FWIW, I'd think of having three separate node types Insert, Update,
Delete, not a combined Dml node. The behavior and the required inputs
are sufficiently different that I don't think a combined node type
is saving much. And it'd avoid the "what is that?" problem.
regards, tom lane
On Tue, Sep 22, 2009 at 11:04 AM, Tom Lane <tgl@sss.pgh.pa.us> wrote:
Marko Tiikkaja <marko.tiikkaja@cs.helsinki.fi> writes:
Robert Haas wrote:
Can you explain the motivation for changing the Append stuff as part
of this patch? It's not immediately clear to me why that needs to be
done as part of this patch or what we get out of it.It seemed to me that the Append on top was only a workaround for the
fact that we didn't have a node for DML operations that would select the
correct result relation. I don't see why an Append node should do this
at all if we have a special node for handling DML.The stuff for inherited target relations is certainly ugly, and if this
can clean it up then so much the better ... but is a DML node that has
to deal with multiple targets really better? It's not only the Append
itself that's funny, it's the fact that the generated tuples don't all
have the same tupdesc in UPDATE cases.FWIW, I'd think of having three separate node types Insert, Update,
Delete, not a combined Dml node. The behavior and the required inputs
are sufficiently different that I don't think a combined node type
is saving much. And it'd avoid the "what is that?" problem.

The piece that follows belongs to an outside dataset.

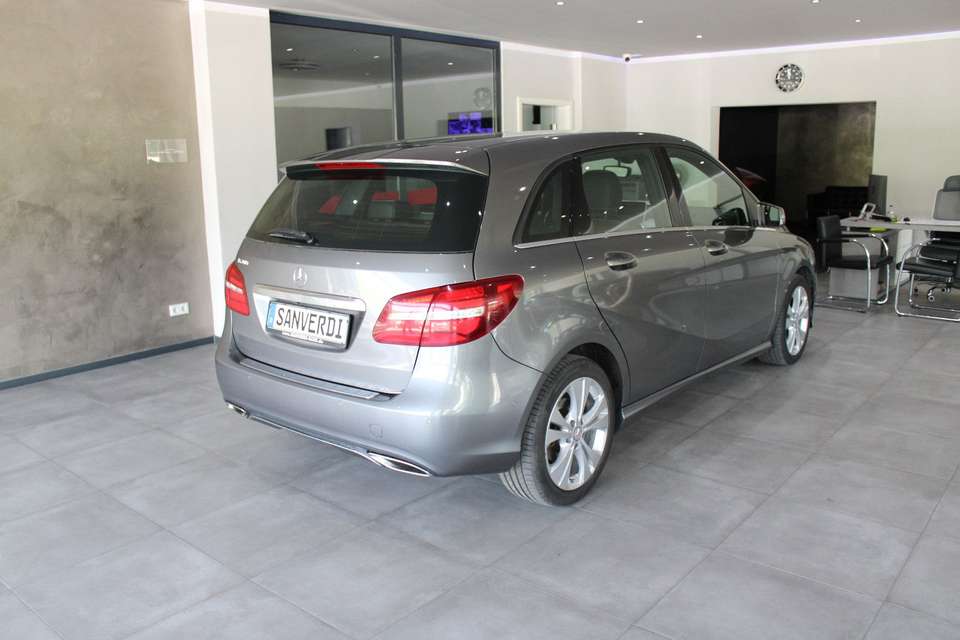 Mercedes-Benz B 200 - Imagem 14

Right now, it looks like most of the code is being shared between all
three plan types. I'm pretty suspicious of how much code this patch
moves around and how little of it is actually changed. I can't really
tell if there's an actual design improvement here or if this is all
window-dressing.
...Robert
Robert Haas <robertmhaas@gmail.com> writes:
Right now, it looks like most of the code is being shared between all
three plan types. I'm pretty suspicious of how much code this patch
moves around and how little of it is actually changed. I can't really
tell if there's an actual design improvement here or if this is all
window-dressing.
My recollection is that we *told* Marko to set things up so that the
first patch was mainly just code refactoring. So your second sentence
doesn't surprise me. As to the third, I've not looked at the patch,
but perhaps it needs to expend more effort on documentation?